Cognitive Computing of Alzheimer’s Disease Genes and Risk
The molecular basis and genetic architecture of dementia remain a puzzle. As no drug yet prevents, delays, or
reverses it, aging populations potentially face a tidal threat of incipient and socially disruptive Alzheimer’s
Disease (AD) cases. Genome-wide association studies (GWAS) have linked over 100 loci with AD and explain
much of population attributable risk, but only a fraction of heritability. This heritability gap means it remains
difficult to design and assess which surveillance, screening, preventive, and stratification programs are effective.
In turn, this hinders therapeutic trials. The challenge in translating genetic variants into patient classifications is
twofold. First, AD is polygenic, so relevant disease driving mutations are spread thin across a multitude of
different genes and patients. Second, current interpretations of the deleterious effects of mutations lack
accuracy, so the impactful few cannot be distinguished from the benign multitude in any given subject. These
problems compound and fog the statistical genetics of AD risk and morbidity with poor signal to noise ratio. The
crux of our solution is to add a massive amount of new information, exploit it efficiently through computation,
then perform rigorous multi-pronged experimental validation. We start from the hypothesis that AD arises through
mutational perturbations that affect functional pathways beyond the built-in evolutionary tolerances. New
algorithms compute these excessive mutational forces and place them in integrative machine learning
frameworks to sort between AD patients and controls, and which can also reflect functional interactions among
proteins or genes. Innovations include a mathematical model of evolution based on calculus; ensemble machine
learning over human genome variations; and harmonic analysis of mutational perturbations in functional
networks.
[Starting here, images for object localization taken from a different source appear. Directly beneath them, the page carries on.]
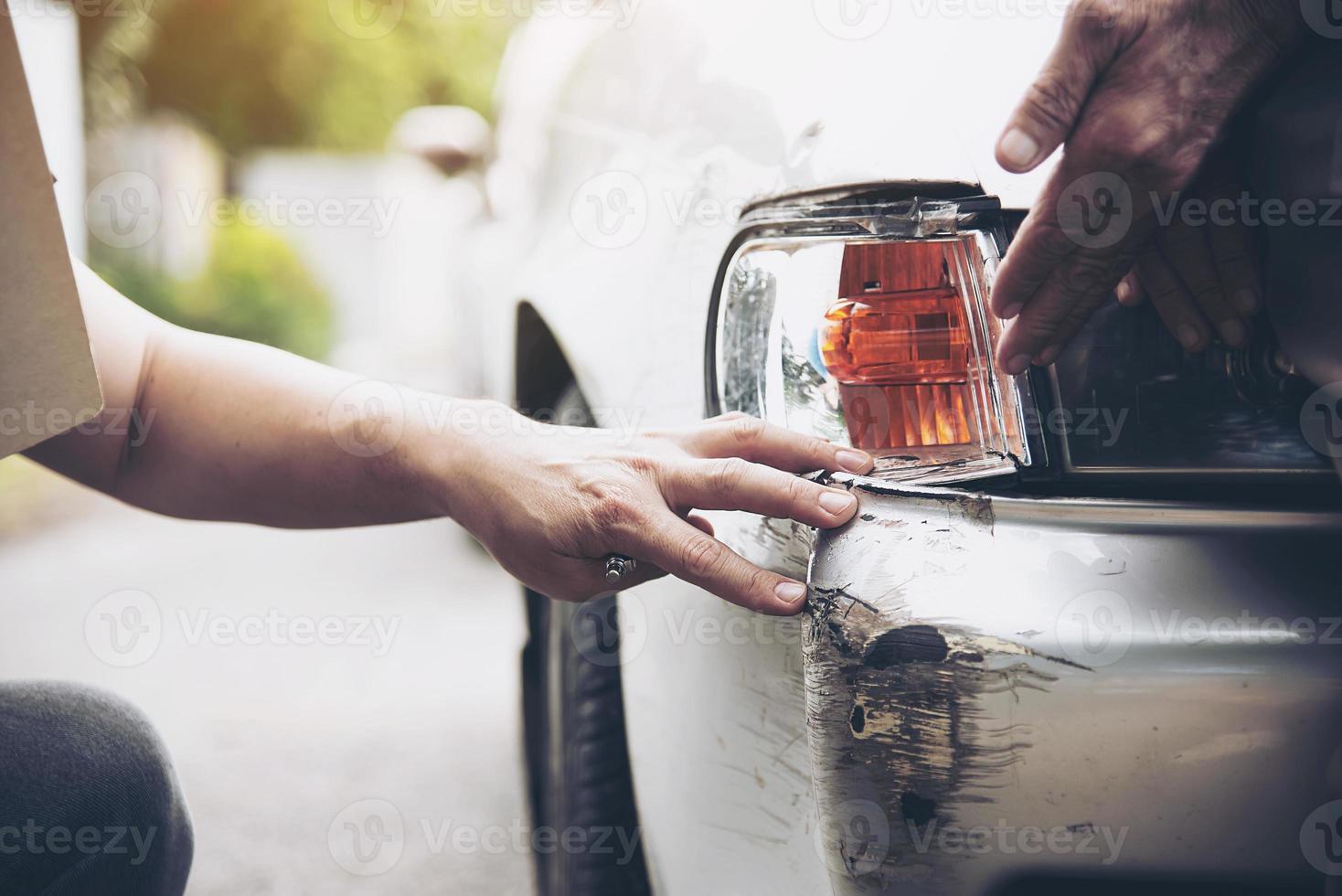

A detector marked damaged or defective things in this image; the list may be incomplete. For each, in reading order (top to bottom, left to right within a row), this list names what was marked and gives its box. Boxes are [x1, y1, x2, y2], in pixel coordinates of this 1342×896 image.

cracked tail light [709, 197, 1038, 483]
damaged car bumper [804, 479, 1342, 896]
car body damage [804, 483, 1342, 896] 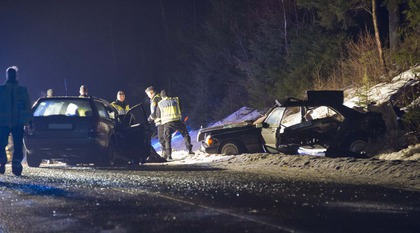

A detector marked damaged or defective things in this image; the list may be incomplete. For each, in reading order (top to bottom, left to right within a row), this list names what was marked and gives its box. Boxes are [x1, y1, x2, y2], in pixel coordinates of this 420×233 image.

car with crushed front end [23, 95, 151, 167]
wrecked dark car [197, 90, 388, 157]
car with crushed front end [197, 90, 388, 157]
damaged silver station wagon [197, 90, 388, 157] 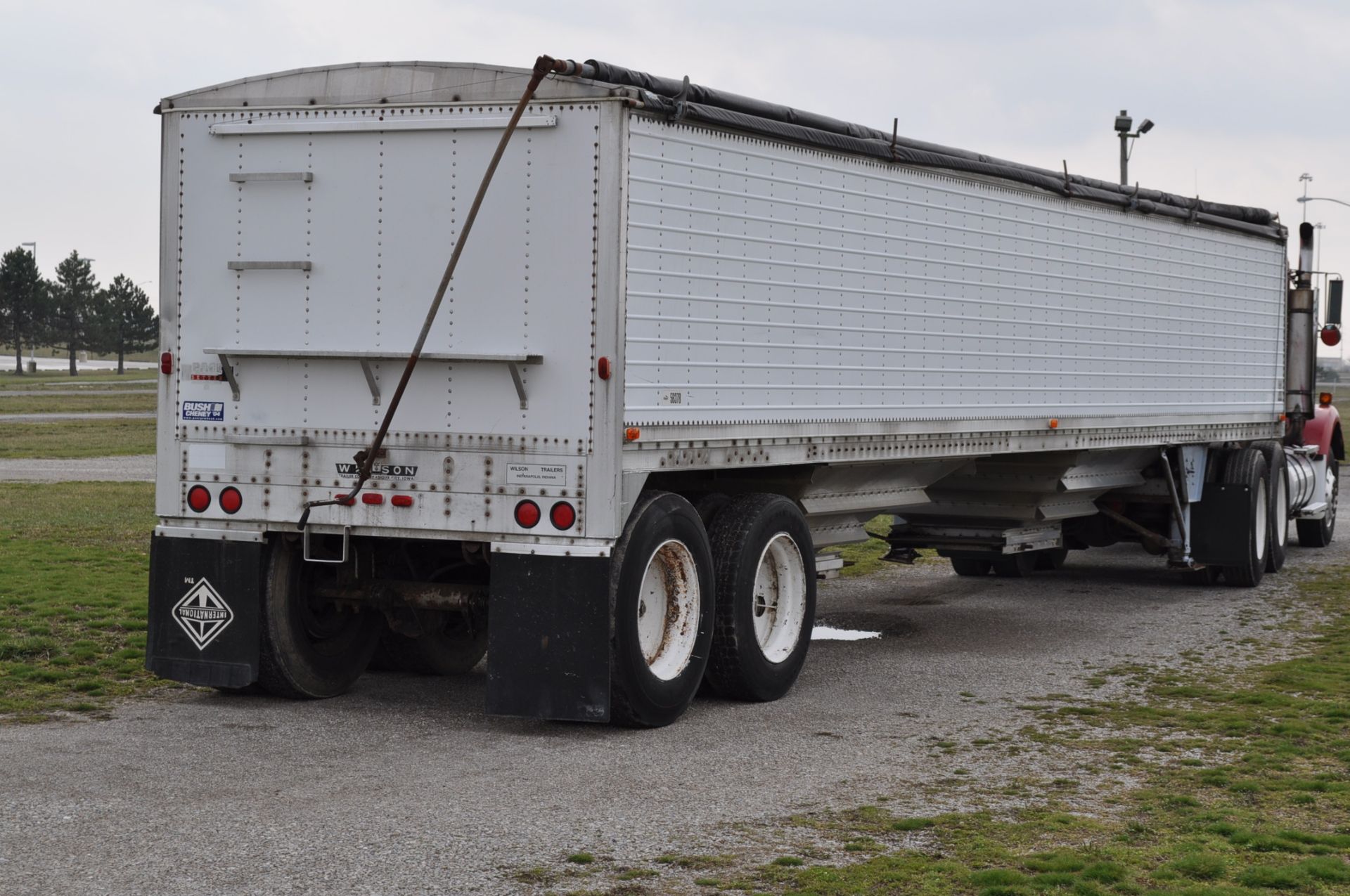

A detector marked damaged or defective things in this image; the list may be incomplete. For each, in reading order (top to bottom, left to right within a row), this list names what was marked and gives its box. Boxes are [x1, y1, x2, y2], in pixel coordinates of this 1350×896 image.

rusty metal bar [297, 54, 564, 531]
The outcome will, for the first time, integrate genomic variations relevant to AD in the context of all
relevant evolutionary history and all known functional interactions. In practice, this will increase power and
resolution, enable gender-specific analysis and AD stratification of men and women, and identify new and
experimentally validated AD genes. To carry out this program, AIM 1 will fuse a novel mathematical analysis of
evolution with machine learning and network wavelet theory. This will yield complementary integrative
approaches to identify genes and mutations that sort AD vs healthy subjects based on the abnormal mutational
burden of rare gene variants in sequenced cohorts. AIM 2 will focus similar tools on patients and controls with
known paradoxical phenotypes that run counter to their APOEɛ2/4 status. The results will identify modifier genes
that drive AD in APOEɛ2 carriers or that protect APOEɛ4 carriers from AD. AIM 3 will provide direct experimental
validation, leveraging high-throughput, robot-assisted genetic modifier screening i...

## Key facts

- **NIH application ID:** 10436879
- **Project number:** 5U01AG068214-02
- **Recipient organization:** BAYLOR COLLEGE OF MEDICINE
- **Principal Investigator:** OLIVIER LICHTARGE
- **Activity code:** U01 (R01, R21, SBIR, etc.)
- **Funding institute:** NIH
- **Fiscal year:** 2022
- **Award amount:** $799,998
- **Award type:** 5
- **Project period:** 2021-07-01 → 2026-06-30

## Primary source

NIH RePORTER: https://reporter.nih.gov/project-details/10436879

## Citation

> US National Institutes of Health, RePORTER application 10436879, Cognitive Computing of Alzheimer's Disease Genes and Risk (5U01AG068214-02). Retrieved via AI Analytics 2026-05-22 from https://api.ai-analytics.org/grant/nih/10436879. Licensed CC0.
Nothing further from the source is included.